Single by Asian Kung-Fu Generation

from the album World World World
- Released: November 29, 2006
- Studio: On Air Azabu Studio
- Genre: Alternative rock
- Length: 4:16
- Label: Ki/oon Records KSCL-1068
- Songwriter: Masafumi Gotoh
- Producer: Asian Kung-Fu Generation

Asian Kung-Fu Generation singles chronology
| "World Apart" (2006) | "Aru Machi no Gunjō" (2006) | "After Dark" (2007) |

Music video
- "Aru Machi no Gunjō" on YouTube

= Aru Machi no Gunjō =

"Aru Machi no Gunjō" (或る街の群青, A Town In Blue) is a song by Japanese rock band Asian Kung-Fu Generation. It was released as the lead single of their fifth studio album, World World World, on November 29, 2006. The song was conceived on tour when the director of the then-upcoming anime film, Tekkonkinkreet, approached the band and requested a theme song for his film. AKFG proceeded to compose the track and released it as a single a month prior to the film's December 23 debut. The single peaked at number four on the Oricon charts and sold over 50,000 copies in 2006 alone, becoming the 199th single of the year. The song was ranked 5th on fans request for band's 10th anniversary live setlist on September 14, 2013.

==Music video==
The music video for "Aru Machi no Gunjō" was directed by Hideaki Sunaga.
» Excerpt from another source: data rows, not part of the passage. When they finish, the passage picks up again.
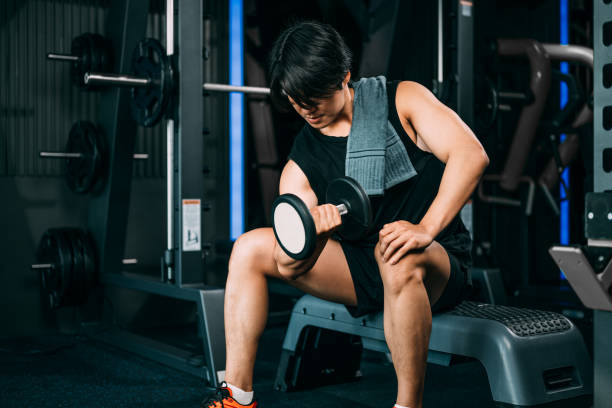 istock Young man bodybuilder lifting heavy weights dumbbell workout at gym 1478155694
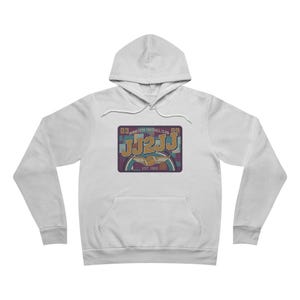 May include: White hooded sweatshirt with a front graphic. The graphic features the text "JJ2JJ" in a vintage style, with the words "Minnesota Football Club" and "EST. 1969". The design includes a football and a color block pattern.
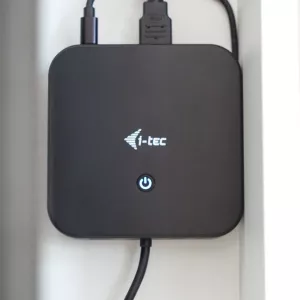 Compact connectivity dock mounted vertically with cables connected.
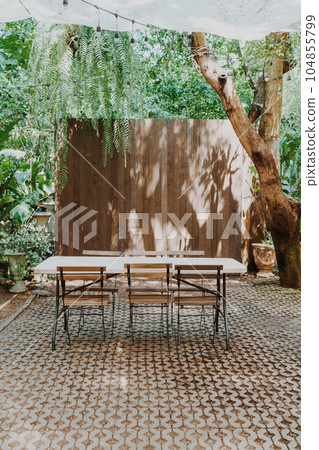 empty wood chair and table in garden 104855799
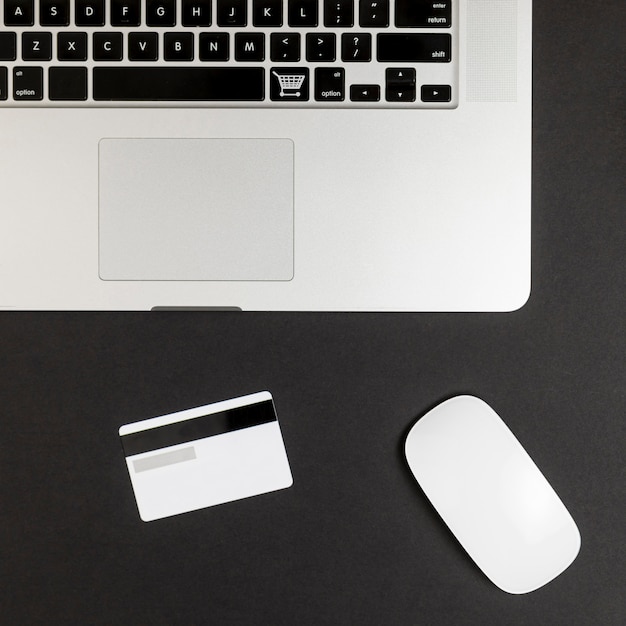 Bovenaanzicht van laptop met muis en creditcard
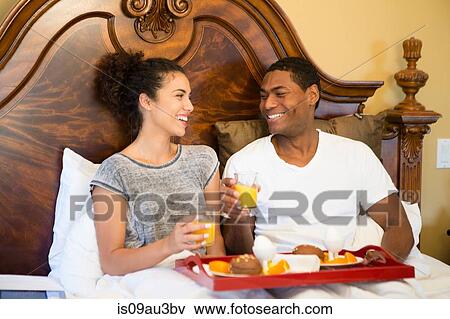 Couple sitting in bed having breakfast face to face smiling View Large Photo Image Stock Photo - Couple sitting in bed having breakfast face to face smiling. Fotosearch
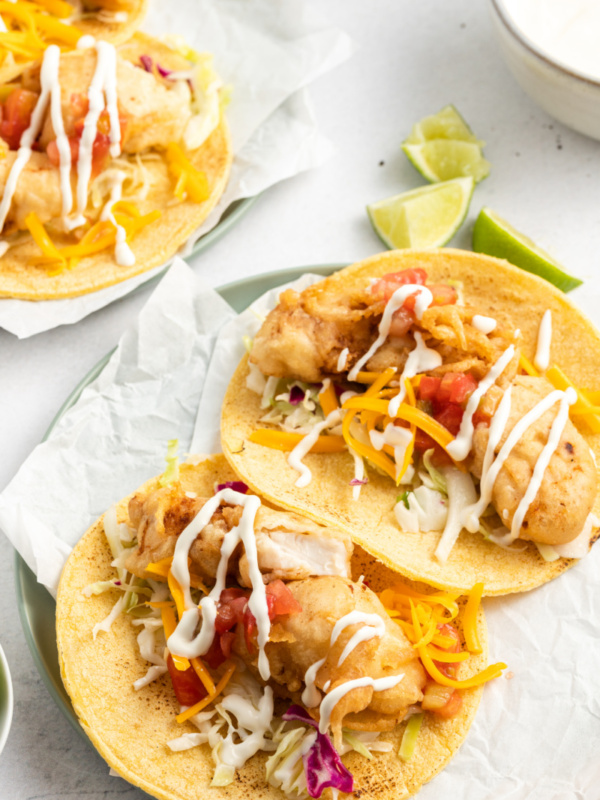 two san diego style fish tacos on a plate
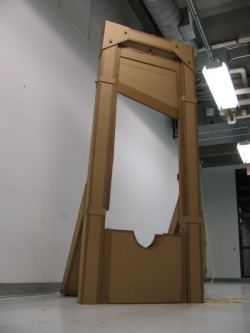 greytaliesin:  I built this my freshman year of art school; our assignment was to replicate a device out of cardboard that was at least 5 feet in height or breadth and had a working mechanism of some kind using only cardboard, shipping tape, hot glue,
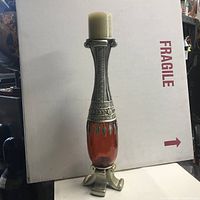 Full view of tall decorative candle stand with candle on top showing amber body and silver-tone metal accents.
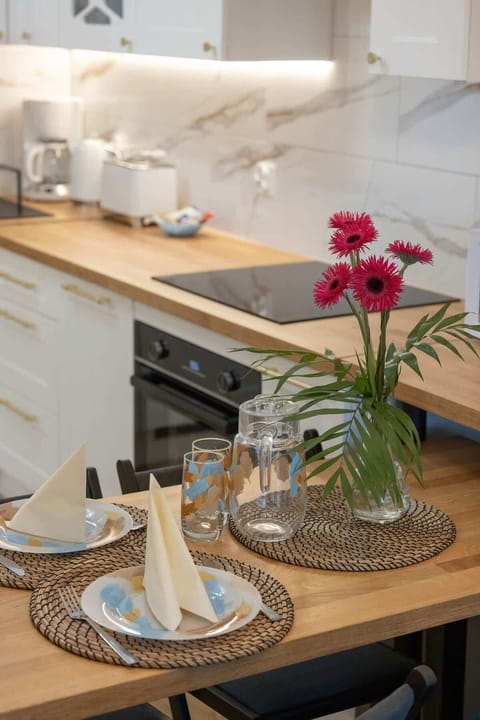 A decorative tray with flowers and glasses on the dining table.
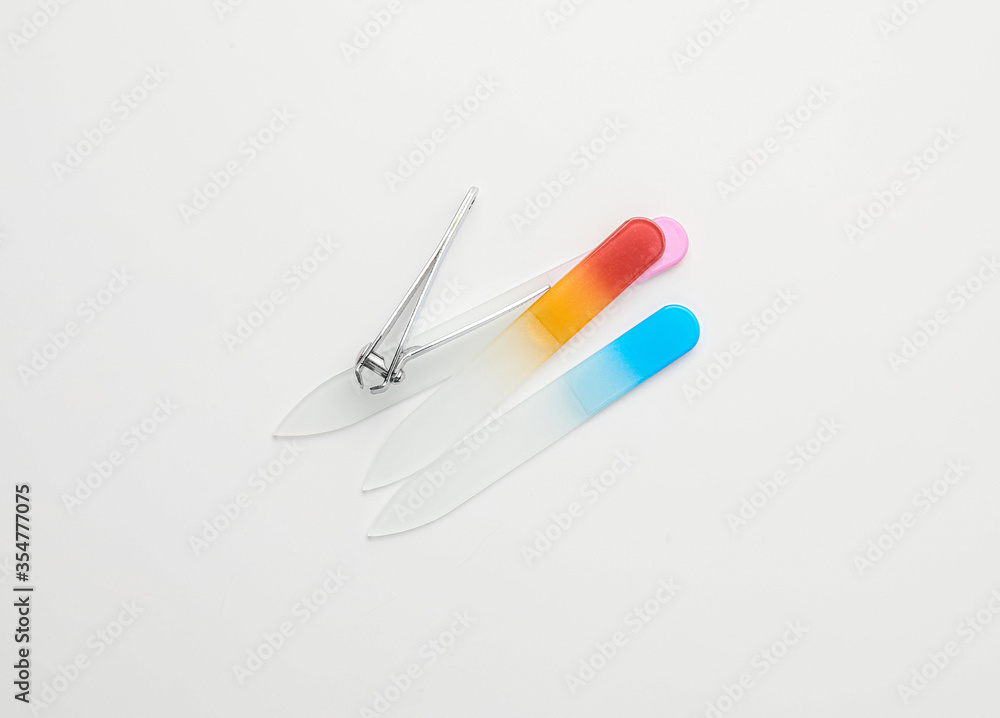 Supplies for manicure on white background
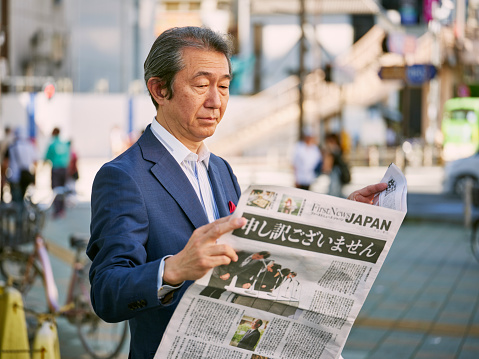 A Japanese businessman reading a newspaper on a city street in Tokyo, Japan.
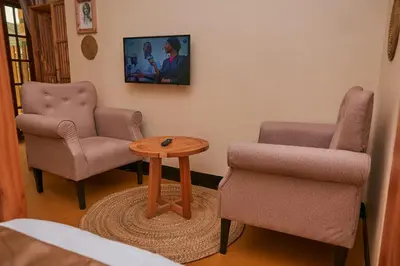 a waiting room with two chairs and a table at Orlando Cottages in Arusha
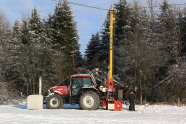 Traktor mit Seilkran im Winter auf einem Feld vor einem Bestand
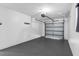 Clean, spacious garage with painted floor and white walls at 8307 Boxwood Dr, Tampa, FL 33615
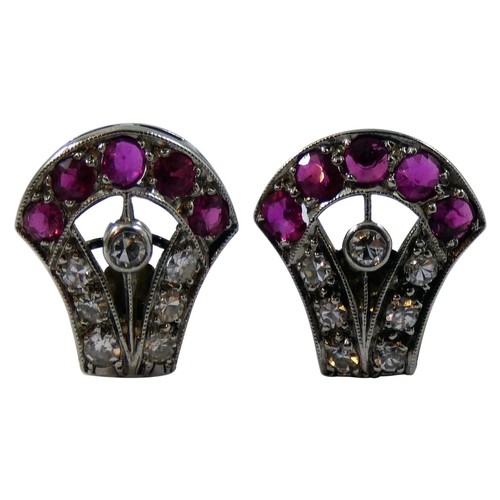 47 - A pair of Art Deco ruby and diamond earrings, converted from clips, the openwork stirrup design set ... 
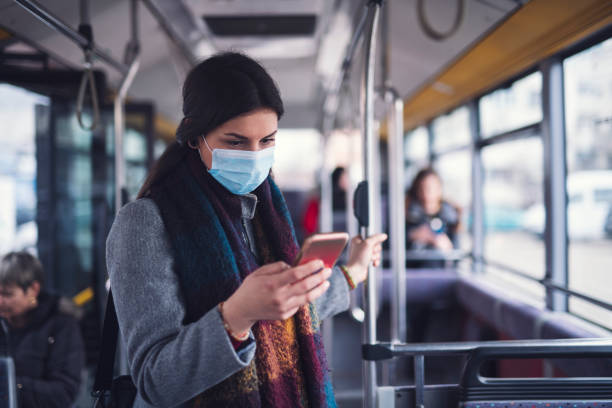 istock Young Woman With Face Mask Using Phone. 1212077116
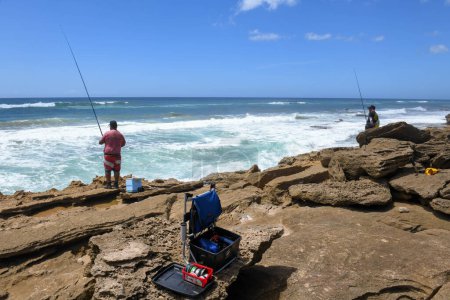 Photo for Mission Rocks, South Africa - 14 January 2023: people fishing at Mission Rocks on Isimangaliso park in South Africa - Royalty Free Image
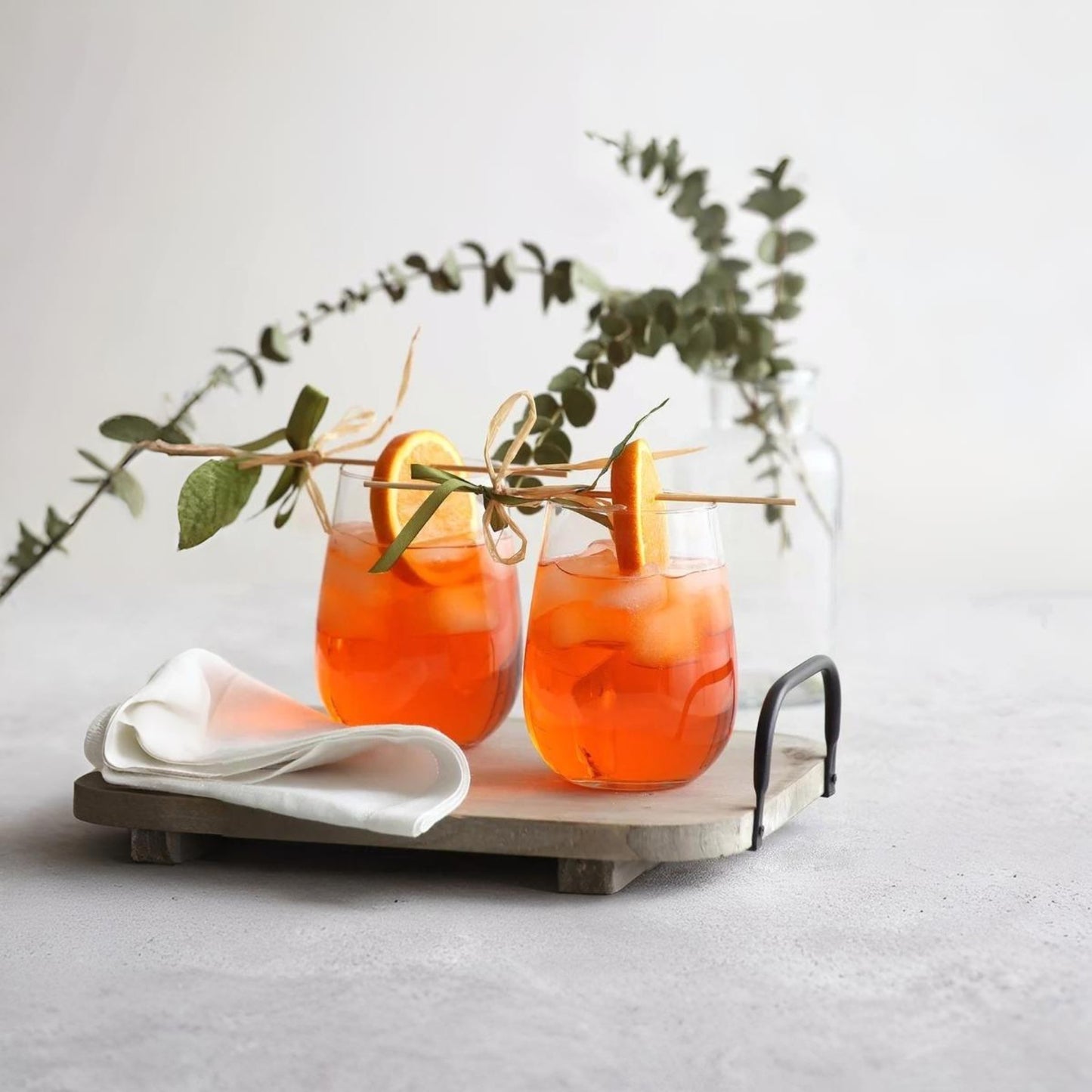 Two orange cocktails with garnishes on a wooden tray with a light background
Beginning with a sunrise, the PV alternates from an outer view of a city, the band playing the song in a garage, a raven inside a birdcage, and a fishtank holding a jellyfish before finally concluding with a sunset. The video was nominated for Best Rock Video at MTV Video Music Awards Japan 2007.

==Track listing==

| No. | Title | Length |
|---|---|---|
| 1. | "Aru Machi no Gunjō" (或る街の群青 A Town In Blue) | 4:16 |
| 2. | "Kugenuma Surf" (鵠沼サーフ Kugenuma Sāfu) | 2:28 |
| Total length: |  | 6:44 |

==Personnel==
- Masafumi Gotō – lead vocals, rhythm guitar
- Kensuke Kita – lead guitar, background vocals
- Takahiro Yamada – bass, background vocals
- Kiyoshi Ijichi – drums
- Asian Kung-Fu Generation – producer
- Yusuke Nakamura – single cover art

==Charts==

| Year | Chart | Peak position |
|---|---|---|
| 2006 | Oricon | 4 |

==Certifications==

Certifications for "Aru Machi no Gunjō"
| Region | Certification | Certified units/sales |
| Japan (RIAJ) | Gold | 100,000^{*} |
^{*} Sales figures based on certification alone.